Amleth's revenge plays out even as he learns the reality of his family's existence was not what he once thought. The film's first act implies that Fjölnir keeps Gudrún against her will after Aurvandill's death, but in a surprising twist, we eventually learn that it was Gudrún herself who plotted to kill Aurvandill because it was a marriage she had been forced into — making one-third of Amleth's stated goals at the beginning of the film basically obsolete. This further emphasizes the ways in which "The Northman" muddies the waters of a classic revenge saga. Not only is Amleth driven by a single-minded driven to fulfill his destiny, but we also learn that he does not even have a clear idea of who he is actually seeking revenge for or why. Ultimately, his own violent destruction is the only way his story can end.

What's next for Robert Eggers after The Northman?

"The Northman" is the third outing from Robert Eggers following two films that won him immense critical acclaim. While "The Witch" and "The Lighthouse" were both made on relatively modest budgets, "The Northman" and its roughly $90 million price tag (per The New Yorker) represents a huge leap forward for the filmmaker. With the film receiving its own glowing reviews from critics, does this mean we can expect more big-budget blockbusters in Eggers' signature style in the future? 

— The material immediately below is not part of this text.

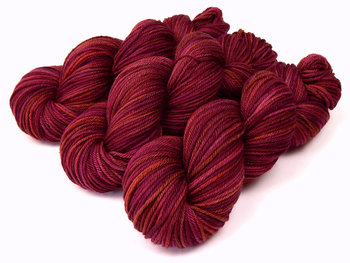 Hand Dyed Yarn, Worsted Weight 100% Superwash Merino Wool - Merlot Multi - Indie Dyed Deep Red Knitting Yarn, Burgundy Wine Handdyed Yarn
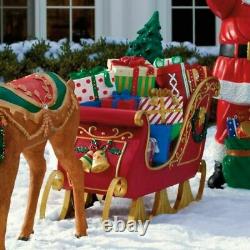 NIB FRONTGATE 2020 Fiber Optic LED Santa Sleigh & Reindeers HARD TO FIND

In the lead-up to the film's release, Eggers has been candid in interviews about the difficulties he faced in making "The Northman." Despite the significant amount of action sequences in the movie, Eggers noted to The New Yorker that neither he nor his cinematographer Jarin Blaschke had ever shot a significant action scene before the project. Furthermore, Eggers told The New Yorker that his filming methods left little extra footage to make any changes to the film, something he ended up doing after a series of test screenings. Eggers opened up to The Guardian about the process of tweaking the film after submitting it for test screenings, something he hadn't undertaken on his previous projects. While he clarified that the give-and-take with the studio helped produce the most entertaining version of a Robert Eggers movie he could make, he also alluded to not necessarily enjoying the process itself. 

While it sounds like Eggers is happy with the end result of "The Northman," he also told The Guardian that he doesn't want to step away from making smaller-scale films in the future. He also noted that he has had meetings with larger studios, but that he doesn't feel his skills as a filmmaker are useful for franchise blockbuster filmmaking. So, we may see another grand epic from Eggers down the line, but don't expect to see him helming a Marvel Cinematic Universe film any time soon.